##### DATA
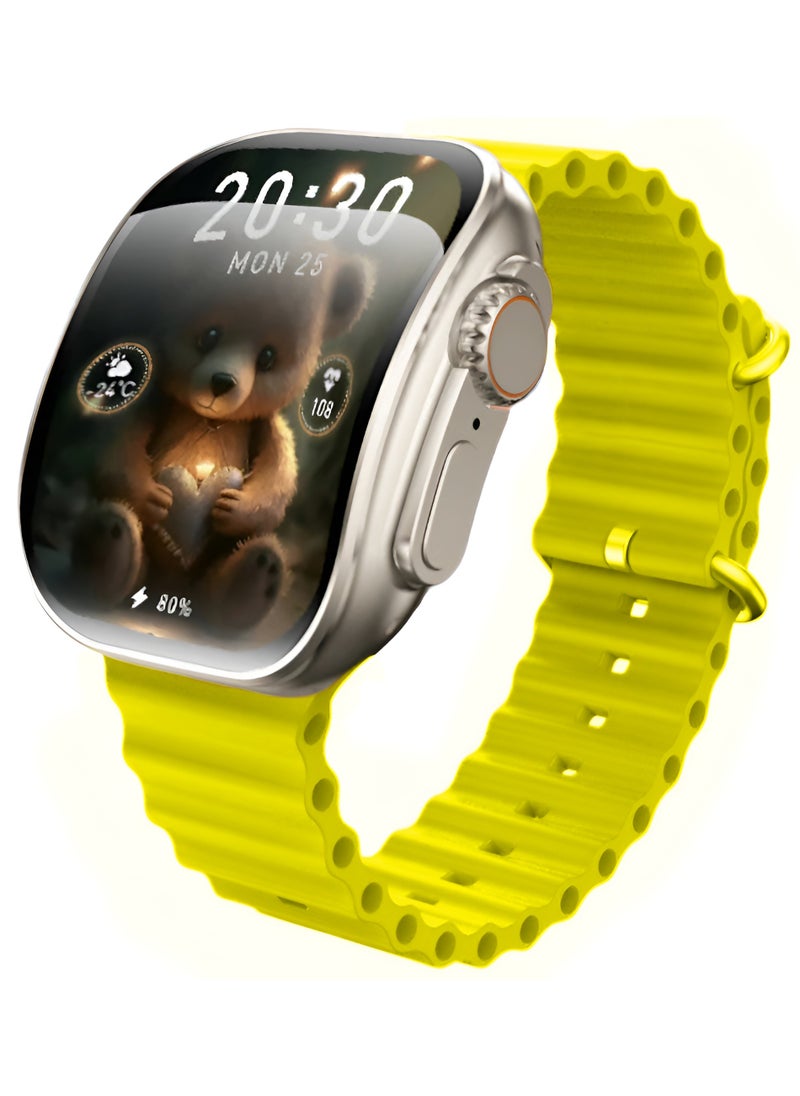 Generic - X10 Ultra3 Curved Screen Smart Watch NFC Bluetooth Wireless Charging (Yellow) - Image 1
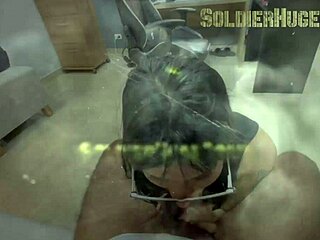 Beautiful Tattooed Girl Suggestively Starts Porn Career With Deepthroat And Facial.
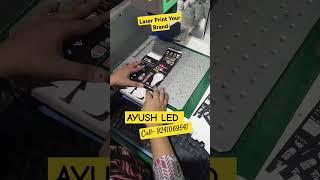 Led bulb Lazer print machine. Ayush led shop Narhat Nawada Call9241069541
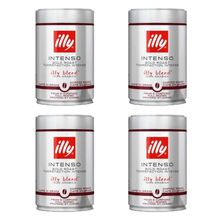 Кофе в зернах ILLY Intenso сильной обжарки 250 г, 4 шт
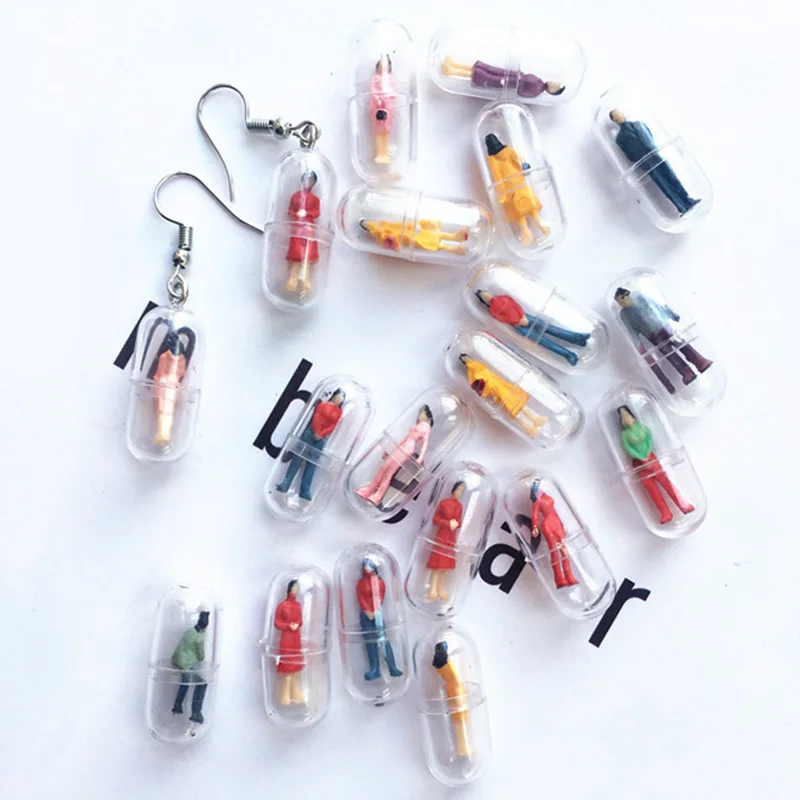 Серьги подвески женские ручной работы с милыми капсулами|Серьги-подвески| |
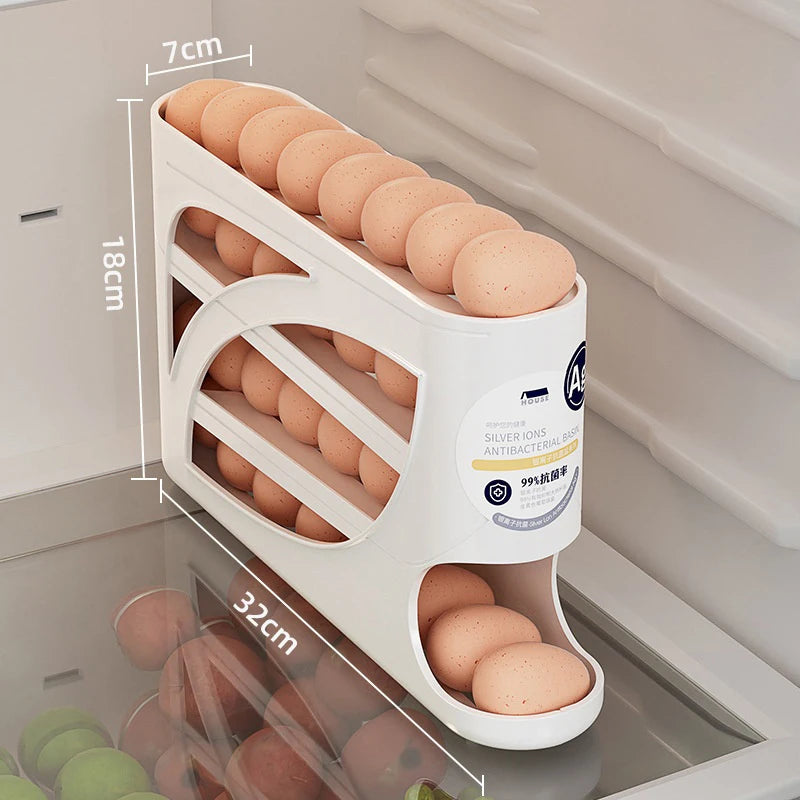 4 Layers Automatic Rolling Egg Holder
##########
| WHAT YOU HAVE TO DO |
Your task is to retype the lines running from the one that contains "Beautiful Tattooed Girl" through the end of the records, and nothing else. Pictures are not part of the copy.

| SOLUTION TO THIS PROBLEM |
 Beautiful Tattooed Girl Suggestively Starts Porn Career With Deepthroat And Facial.
 Led bulb Lazer print machine. Ayush led shop Narhat Nawada Call9241069541
 Кофе в зернах ILLY Intenso сильной обжарки 250 г, 4 шт
 Серьги подвески женские ручной работы с милыми капсулами|Серьги-подвески| |
 4 Layers Automatic Rolling Egg Holder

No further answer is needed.